From the records that follow, return exactly the lines beginning at the one that contains "Delock USB 2.0" and ending at the one that contains "BUSINESS EXECUTIVE JET", pictures left out.

Web page caption snippets
------------------------------------------------------------

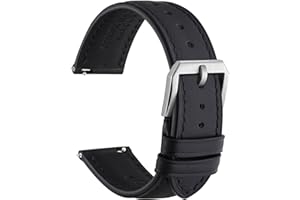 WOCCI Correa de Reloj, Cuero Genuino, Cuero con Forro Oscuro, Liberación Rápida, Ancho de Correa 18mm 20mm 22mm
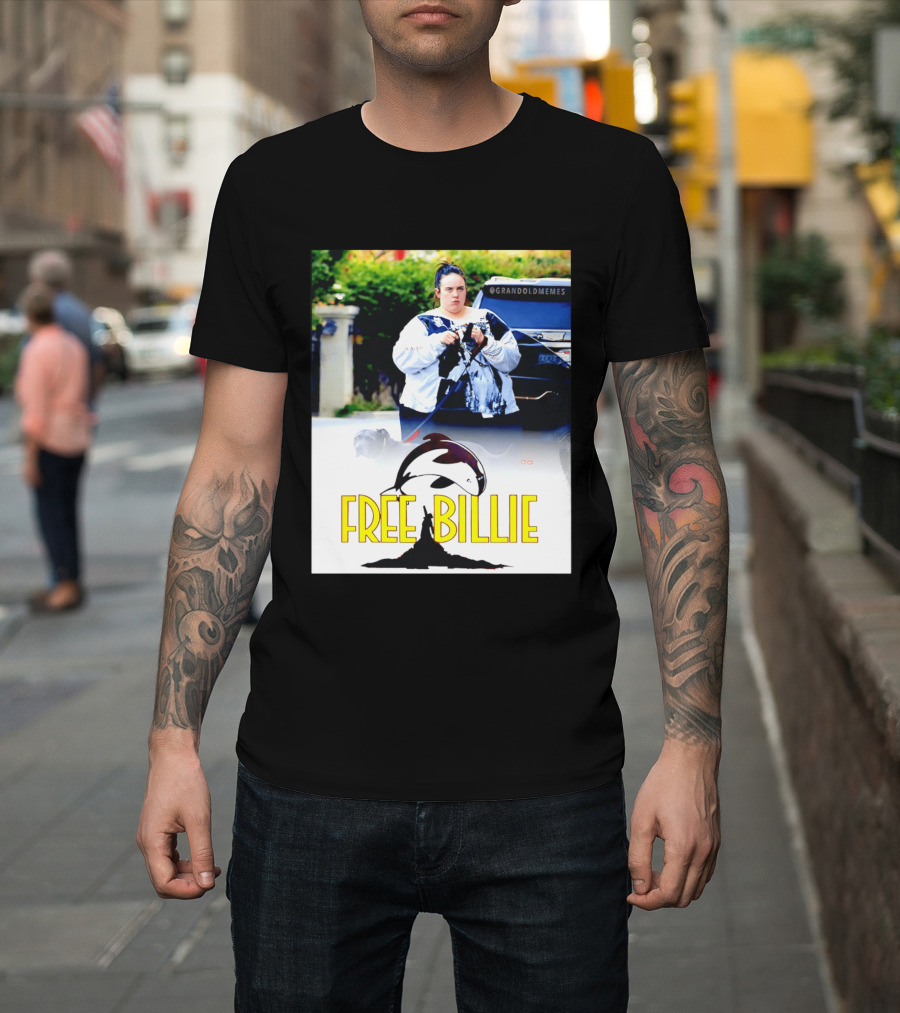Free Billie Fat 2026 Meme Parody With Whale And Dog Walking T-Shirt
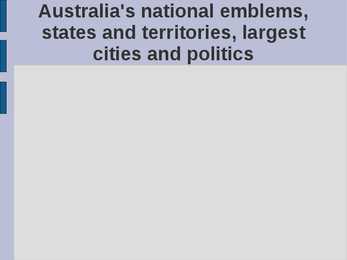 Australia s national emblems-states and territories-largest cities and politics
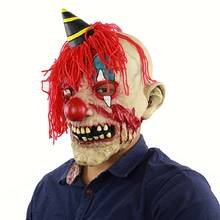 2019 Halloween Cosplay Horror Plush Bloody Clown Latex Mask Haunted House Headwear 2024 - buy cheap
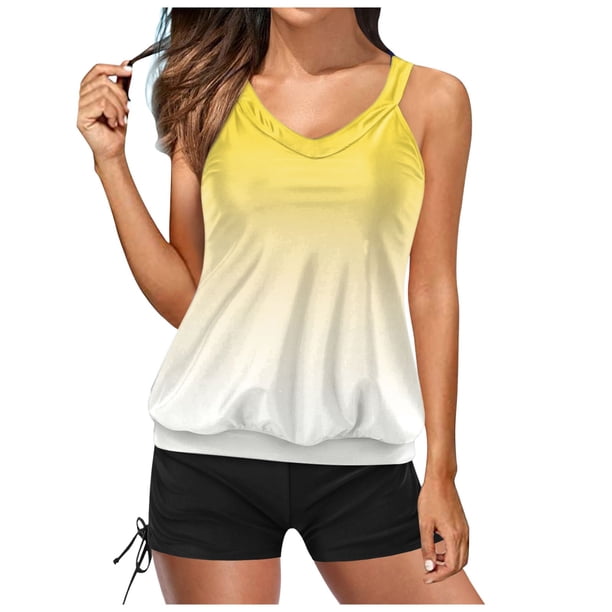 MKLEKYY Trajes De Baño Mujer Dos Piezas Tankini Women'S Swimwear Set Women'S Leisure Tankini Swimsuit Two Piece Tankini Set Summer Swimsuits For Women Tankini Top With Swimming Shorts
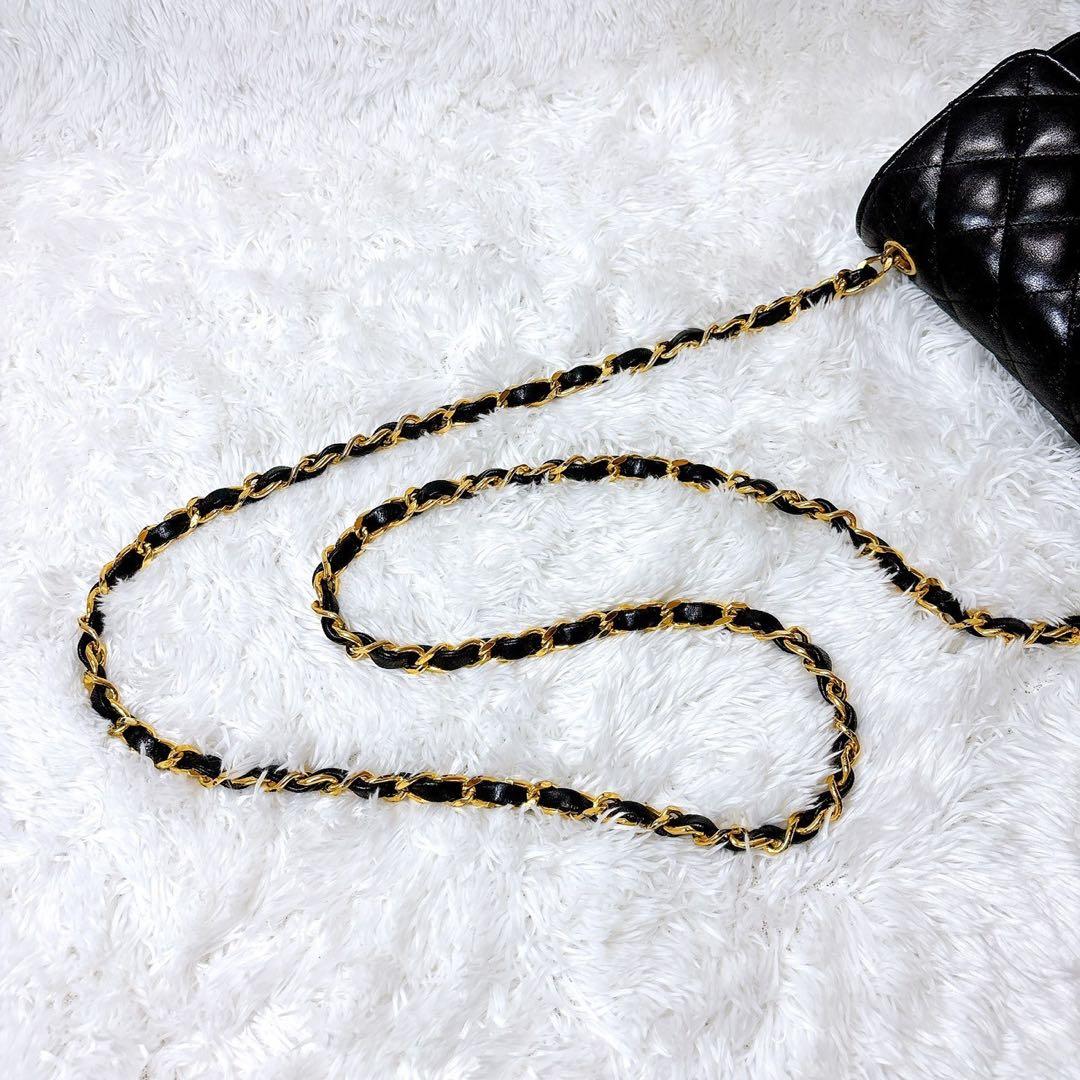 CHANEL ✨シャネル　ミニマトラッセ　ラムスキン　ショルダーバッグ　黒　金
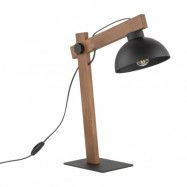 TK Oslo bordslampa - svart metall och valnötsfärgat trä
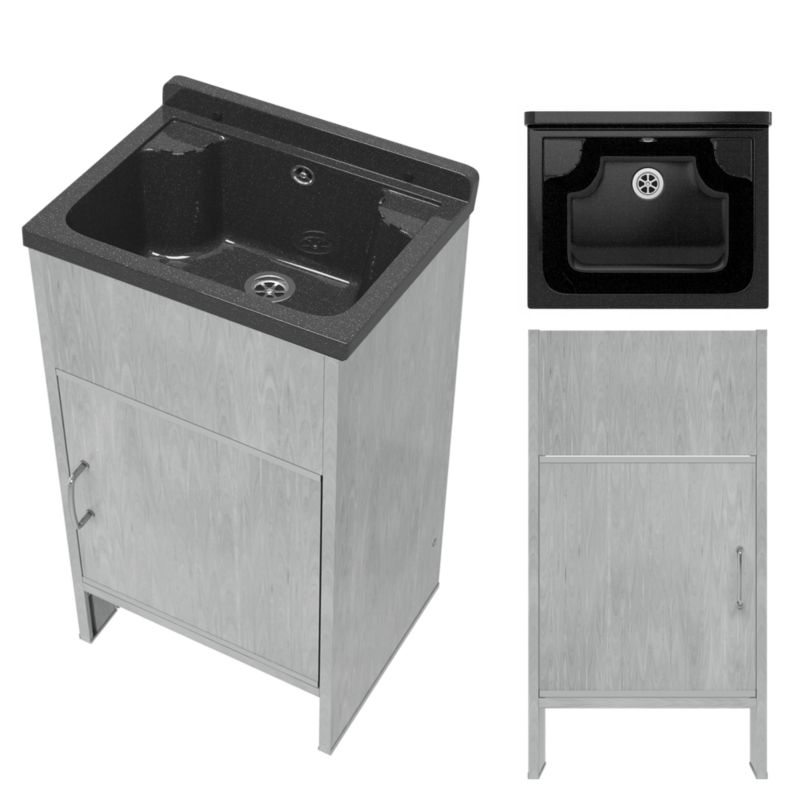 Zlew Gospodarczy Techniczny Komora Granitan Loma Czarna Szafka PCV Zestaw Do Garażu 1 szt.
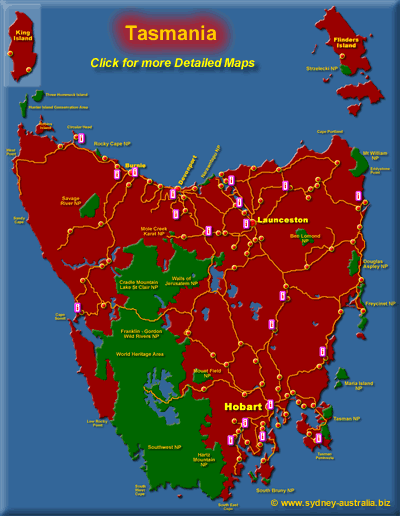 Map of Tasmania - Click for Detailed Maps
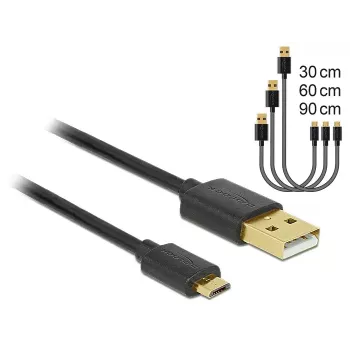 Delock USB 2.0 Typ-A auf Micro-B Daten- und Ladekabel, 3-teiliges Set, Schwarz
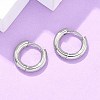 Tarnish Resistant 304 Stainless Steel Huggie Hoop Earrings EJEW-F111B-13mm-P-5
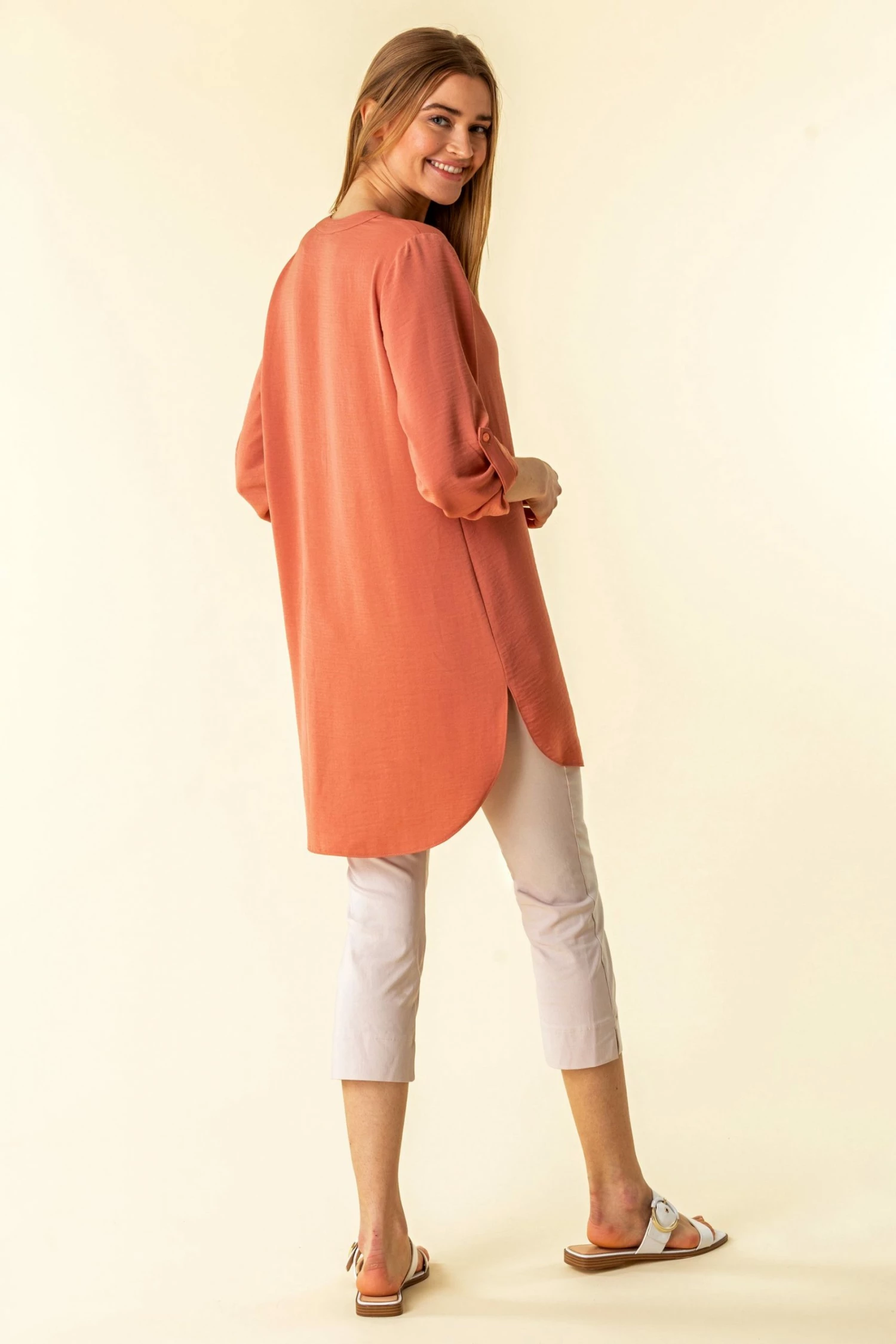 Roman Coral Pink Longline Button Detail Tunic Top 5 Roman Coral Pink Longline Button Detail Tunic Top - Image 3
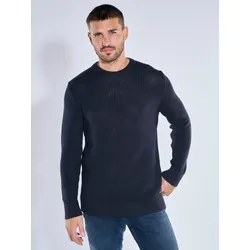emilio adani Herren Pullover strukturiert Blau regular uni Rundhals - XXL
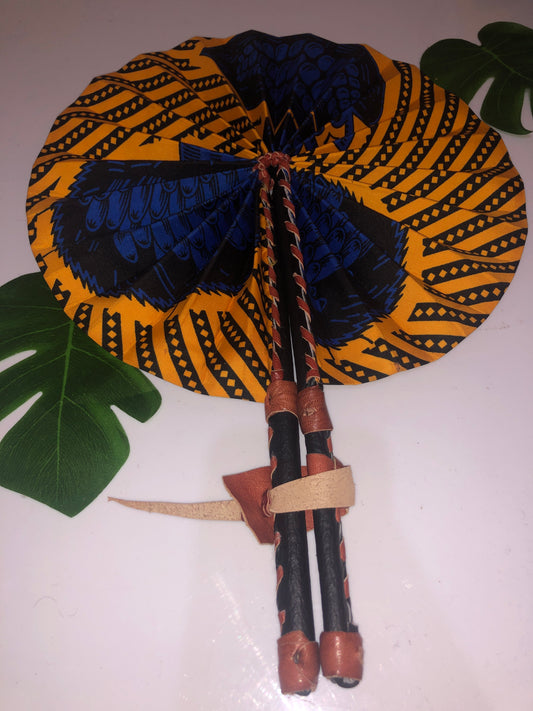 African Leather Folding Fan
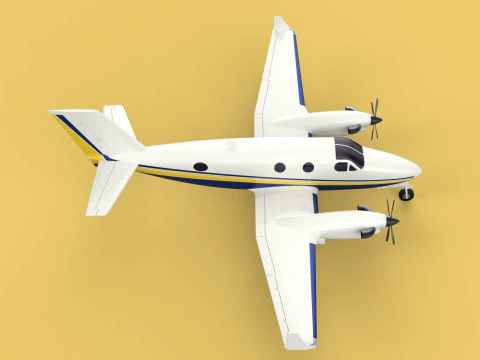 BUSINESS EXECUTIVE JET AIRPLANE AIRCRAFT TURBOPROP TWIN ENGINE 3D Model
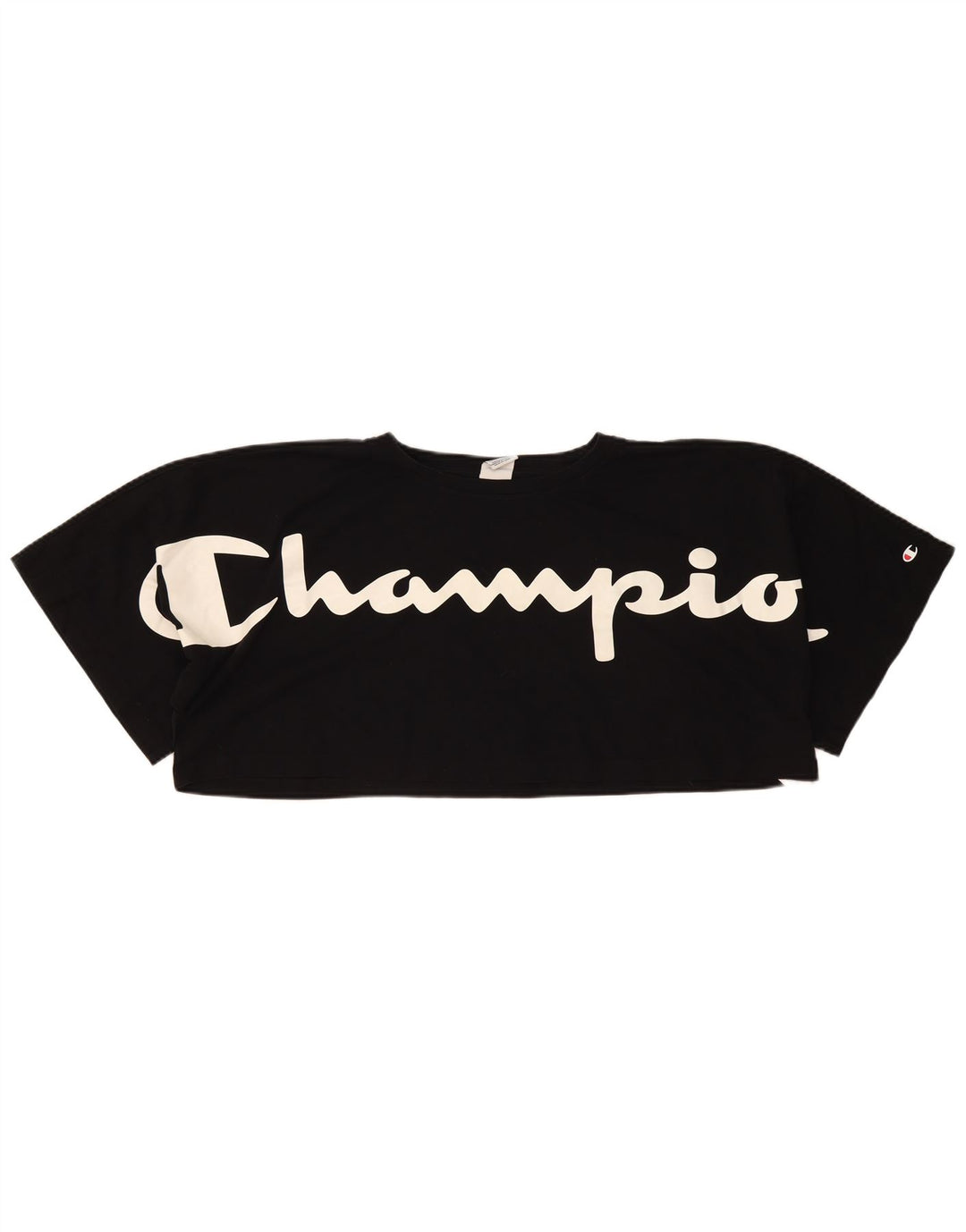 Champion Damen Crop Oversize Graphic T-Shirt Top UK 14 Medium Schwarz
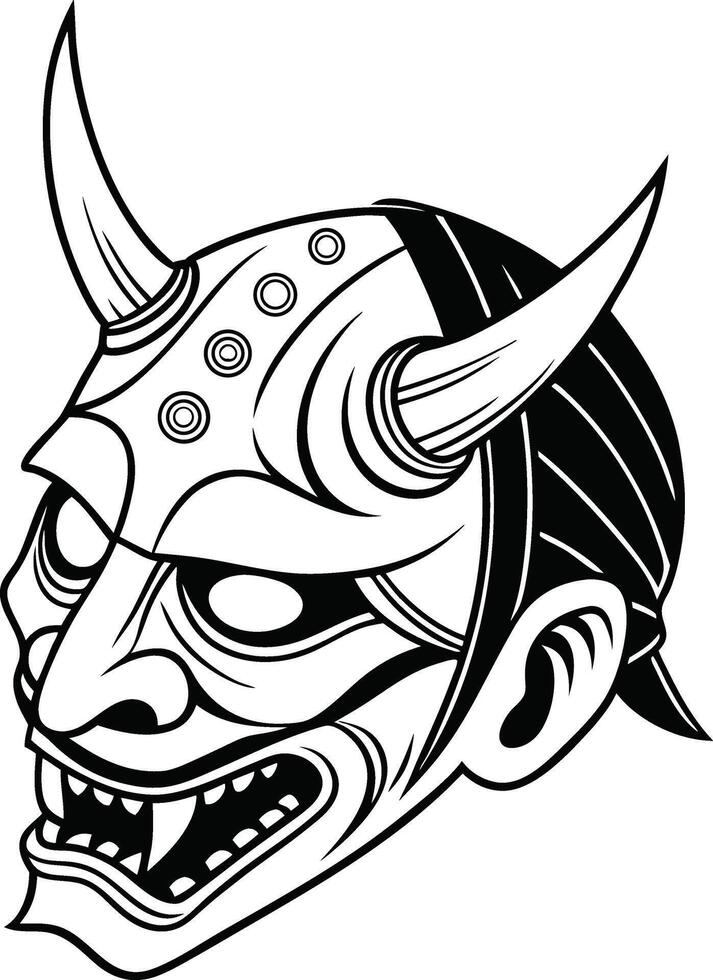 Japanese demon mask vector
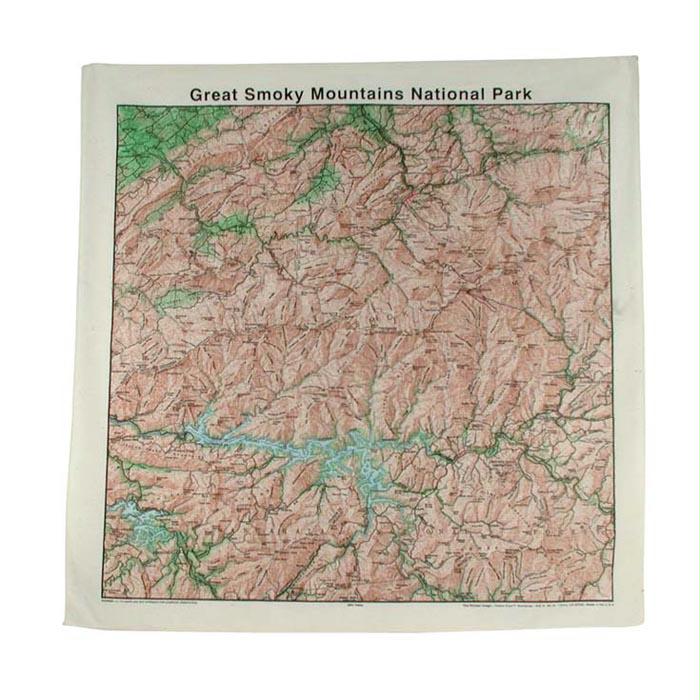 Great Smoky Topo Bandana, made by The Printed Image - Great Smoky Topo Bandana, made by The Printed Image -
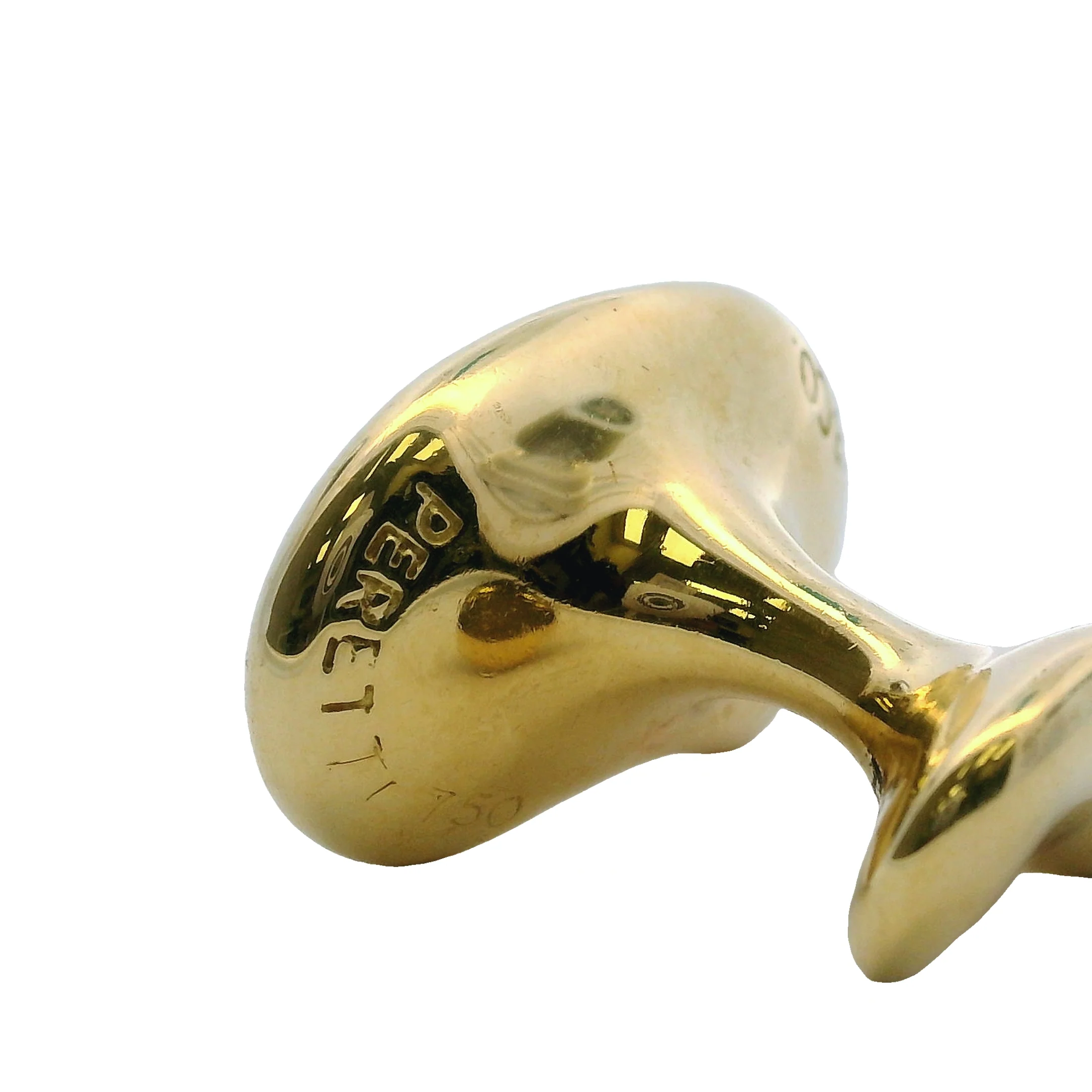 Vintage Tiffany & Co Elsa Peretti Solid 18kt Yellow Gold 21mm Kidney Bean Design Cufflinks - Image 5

------------------------------------------------------------

Problem solution —
 Delock USB 2.0 Typ-A auf Micro-B Daten- und Ladekabel, 3-teiliges Set, Schwarz
 Tarnish Resistant 304 Stainless Steel Huggie Hoop Earrings EJEW-F111B-13mm-P-5
 Roman Coral Pink Longline Button Detail Tunic Top 5 Roman Coral Pink Longline Button Detail Tunic Top - Image 3
emilio adani Herren Pullover strukturiert Blau regular uni Rundhals - XXL
 African Leather Folding Fan
 BUSINESS EXECUTIVE JET AIRPLANE AIRCRAFT TURBOPROP TWIN ENGINE 3D Model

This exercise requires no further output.